As exclusively reported by the Nation last week, a proposal has been made by the health ministry to start paid channelling of doctors in government hospitals after 4pm. This will encourage patients who are able to afford a reasonable fee to consult doctors of their choice in the evening while it will help poorer patients by shortening the long queues in the mornings.
Currently channelled practice is confined to popular consultants who have established themselves in the private hospitals in the main cities. As a result, it is not easy for newly qualified consultants to enter this lucrative field even if they have excellent skills. The proposed system is expected to create new opportunities through the state hospitals and therefore likely to receive the support of young doctors who have qualified as consultants recently.
It will also create new opportunities for nurses, paramedics and other employees to make extra income by way of overtime payments and other incentives for working after their normal duty hours. If the scheme is successfully implemented, it will also generate new income to the government which can be utilized to upgrade the existing health service.
The other advantage is that some of the costly medical devices like CT scanner and ultra sound systems can be put to good use while they are still within the guarantee period without allowing them to idle in the evenings thereby saving some money to the government.
While some have expressed reservations about this proposal the majority of the professionals connected to the health field seem to be supportive of the idea. However it is true that the implementation of such a proposal should be done in a meticulous manner so that hospital employees who are willing to work in the evenings will not neglect their duties in the morning hours.
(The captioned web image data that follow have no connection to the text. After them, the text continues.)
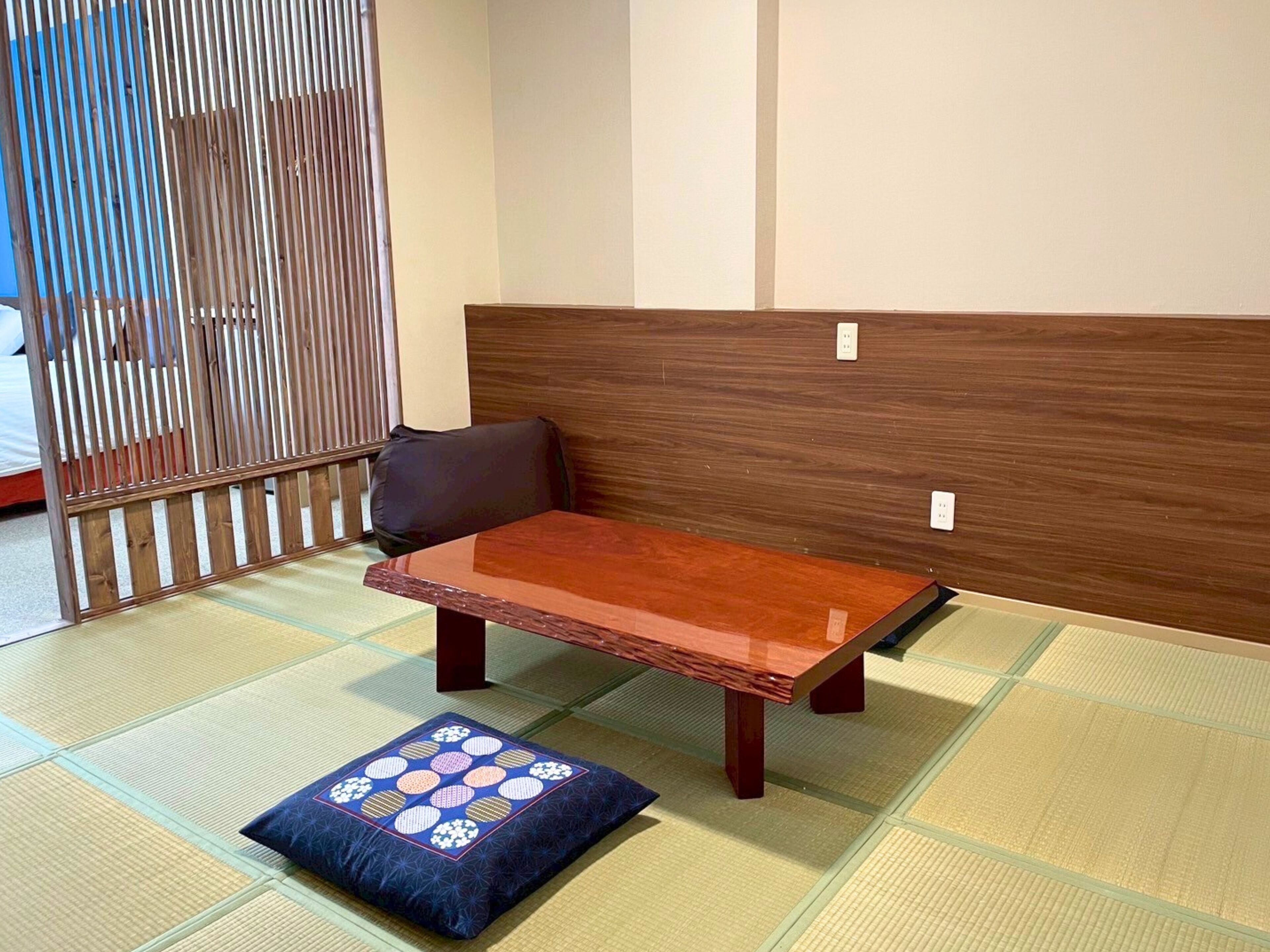 japanese-style room | individually decorated, desk, laptop workspace, soundproofing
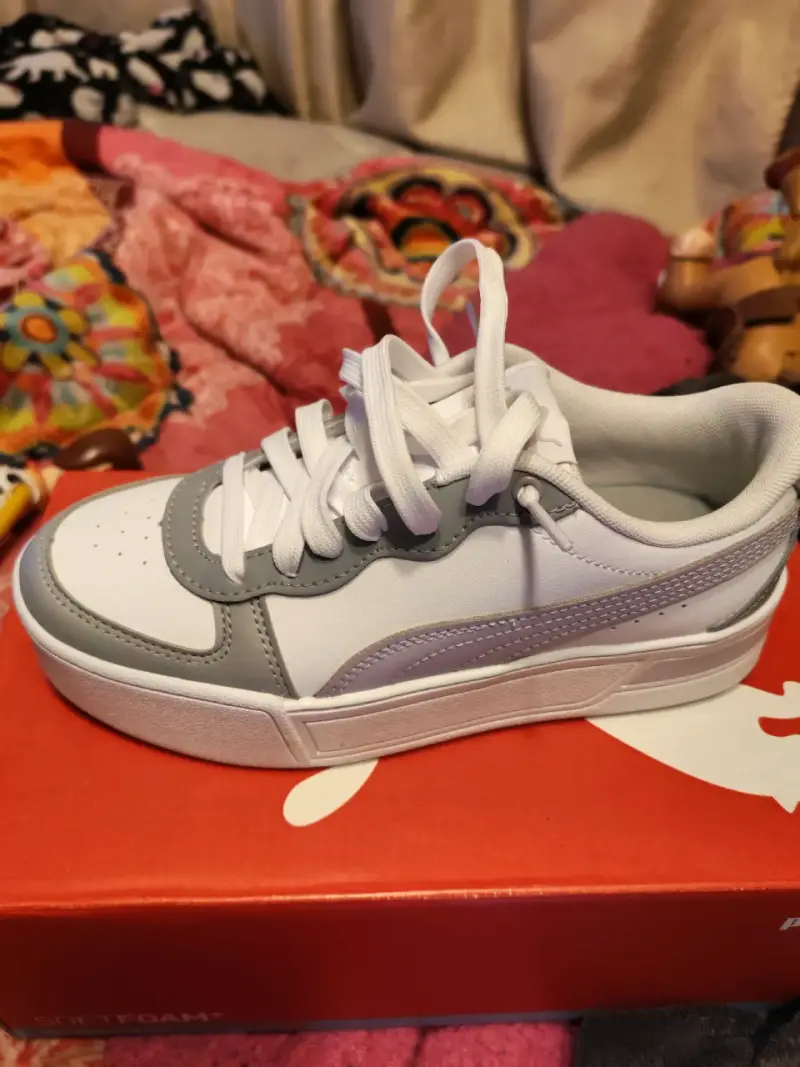 Zapatillas deportivas blancas y grises para niños - 1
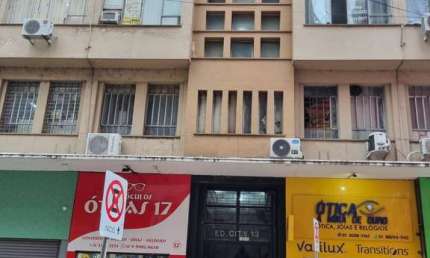 Barracão / Galpão / Depósito à venda na Rua Marechal Floriano Peixoto, 13, Centro Histórico, Porto Alegre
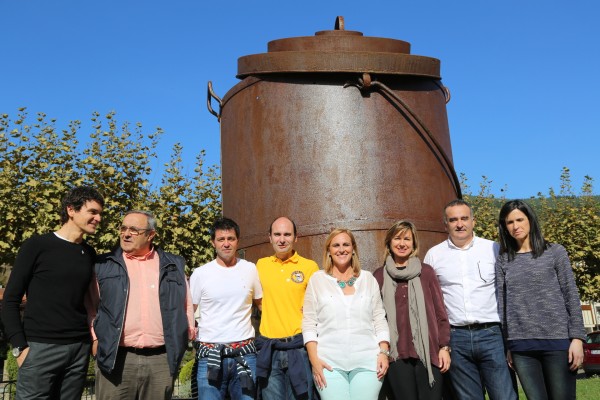 Ortuzar y Atutxa acompañan a los candidatos municipales de Enkarterri en Putxeras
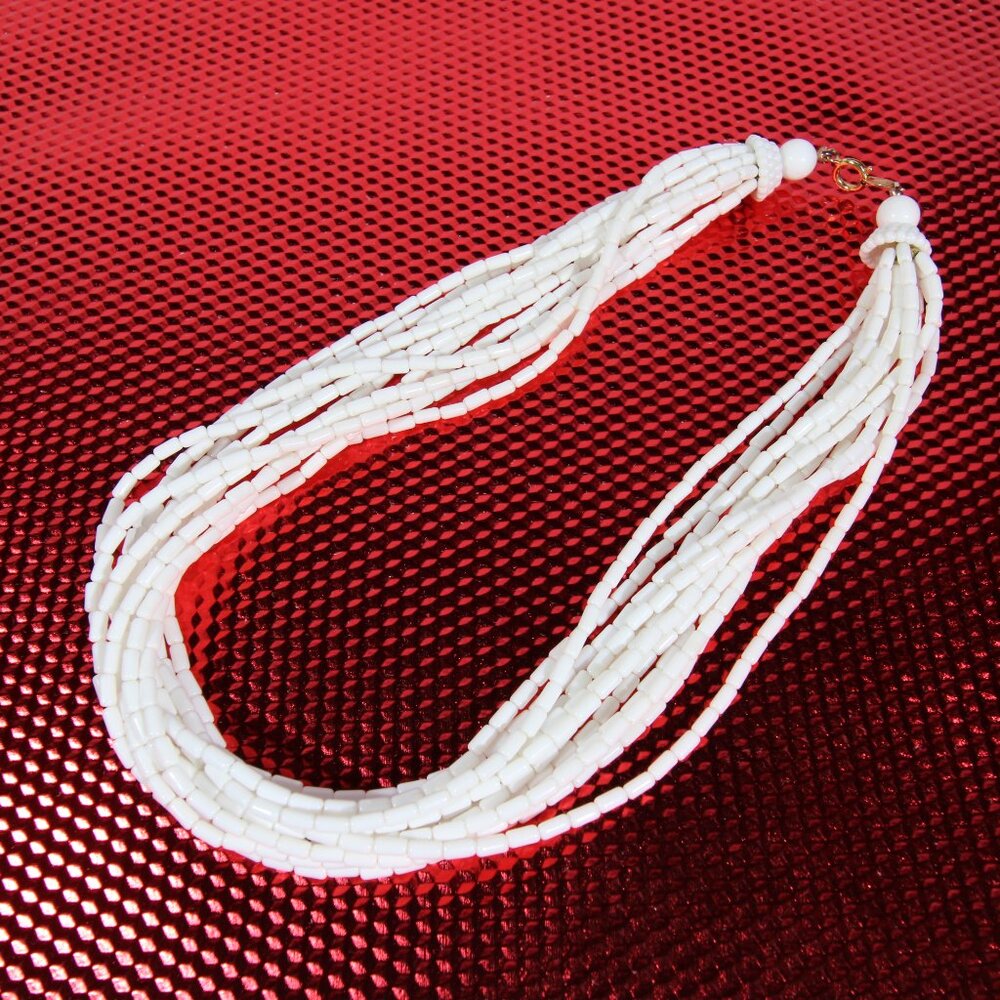 Vintage 1980s Trifari TM White Milk Glass Beaded Necklace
Similarly no doctor or any other staff of the hospitals should influence patients to obtain paid services in the evenings and the decision to come in the morning or in the evening should be taken by the patients alone depending on their convenience and the need.
The possibility of sharing some of the facilities available in the private hospitals where such facilities are in shortage in the specialized surgical units of the state hospitals is another proposal that has been made. The idea is for the government to bear the relevant cost while the patient has to bear only ICU or other room charges during the immediate post-operation period until the patient is transferred back to the relevant government hospital. This method can substantially reduce the current waiting lists in places like the cardiology units.
If these proposals are carefully implemented in a manner the real benefits will accrue to the deserving patients, it could be a revolutionary measure that will enable the government to modernize the health sector to suit the current needs of our country. Eventually the process can be developed as a great measure to bring down the escalating health bills of the people while the available resources can be fully utilized.